= Samanage =

Samanage, now part of SolarWinds, an enterprise service-desk and IT asset-management provider, had its headquarters in Cary, North Carolina. The company's flagship product, Samanage, operates as a multi-tenant, Software-as-a-Service (SaaS) system for IT and enterprise service management. As of November 2018, Samanage had more than 1,800 customers in 50+ countries.

== History ==
Founded in 2007 by Doron Gordon, Samanage first delivered IT asset management software in 2010 after a three-year development and testing period. This was followed by service desk functionality in 2011.

== Product ==
The ITIL-ready service desk includes a self-service portal, service catalog, knowledge base, and SLA management tool. The Samanage REST API allows for integration with hundreds of applications.

==Growth==
In May 2015, Samanage raised $16 million in new funding. The series B funding was led by Marker LLC and Vintage Investment Partners, with participation from existing shareholders Carmel Ventures, Gemini Israel Ventures, and Silicon Valley Bank.

Samanage announced in February 2017 that it had received $20 million in new funding. The series C included investments from Carmel Ventures, Gemini Israel Ventures, Marker LLC, Salesforce Ventures, and Vintage Investment Partners.

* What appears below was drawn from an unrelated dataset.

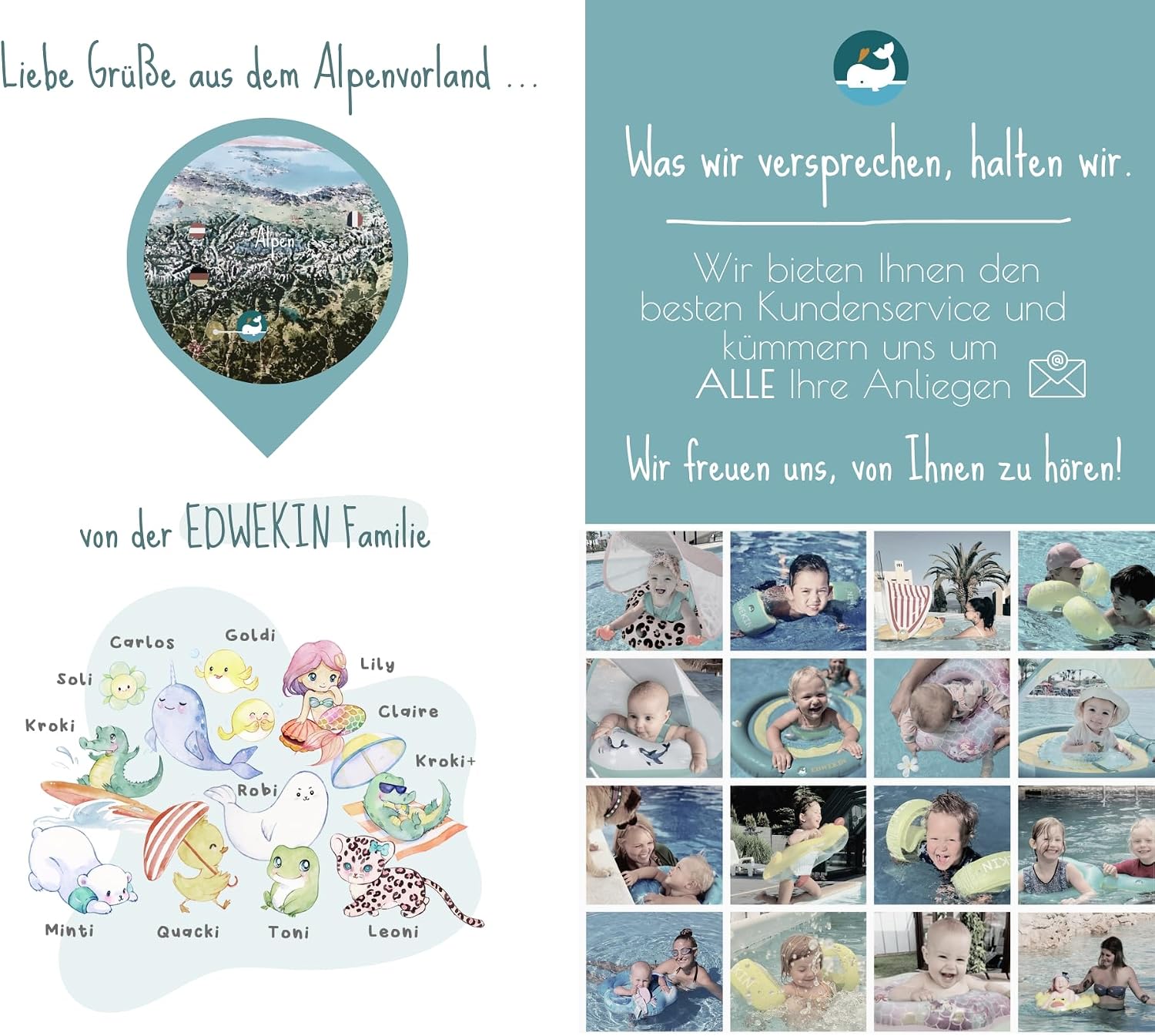 Thumbnail 6 de EDWEKIN Premium Schwimmflügel Kinder 1–6 Jahre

As one of the most reviewed and highest rated platforms in the IT service management space, Samanage was named a top 100 Software Company of 2018 by G2 Crowd and recognized by its customers in the Gartner Peer Insights 2018 Customer Choice Awards for its IT Service Management Tool.

On November 8, 2018, Samanage secured $30 million in Series D funding led by Morgan Stanley Expansion Capital to accelerate development of their employee service management solutions to best enable customers to maximize the potential from their people.

On April 11, 2019, SolarWinds announced that it has signed an agreement to acquire Samanage for a reported purchase price of $350 million in cash.